### Material provided:
-- Opening Marker --

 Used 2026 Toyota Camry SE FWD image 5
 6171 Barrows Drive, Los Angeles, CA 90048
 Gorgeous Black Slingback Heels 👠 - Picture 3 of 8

-- Closing Marker --
-- Opening Marker --

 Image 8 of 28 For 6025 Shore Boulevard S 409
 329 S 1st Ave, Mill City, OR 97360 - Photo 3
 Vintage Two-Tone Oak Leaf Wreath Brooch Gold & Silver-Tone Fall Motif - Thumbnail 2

-- Closing Marker --
-- Opening Marker --

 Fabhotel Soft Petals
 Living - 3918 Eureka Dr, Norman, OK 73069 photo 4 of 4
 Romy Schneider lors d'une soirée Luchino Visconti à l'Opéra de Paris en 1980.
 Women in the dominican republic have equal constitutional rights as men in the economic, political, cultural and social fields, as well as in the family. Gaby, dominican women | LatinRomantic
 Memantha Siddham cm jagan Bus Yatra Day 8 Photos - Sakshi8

-- Closing Marker --

### What to produce:
Set down, unchanged, only those lines above that fall between the line with "Used 2026 Toyota Camry SE FWD image 5" and the line with "Gorgeous Black Slingback", the two end lines included.

### Problem solution:
 Used 2026 Toyota Camry SE FWD image 5
 6171 Barrows Drive, Los Angeles, CA 90048
 Gorgeous Black Slingback Heels 👠 - Picture 3 of 8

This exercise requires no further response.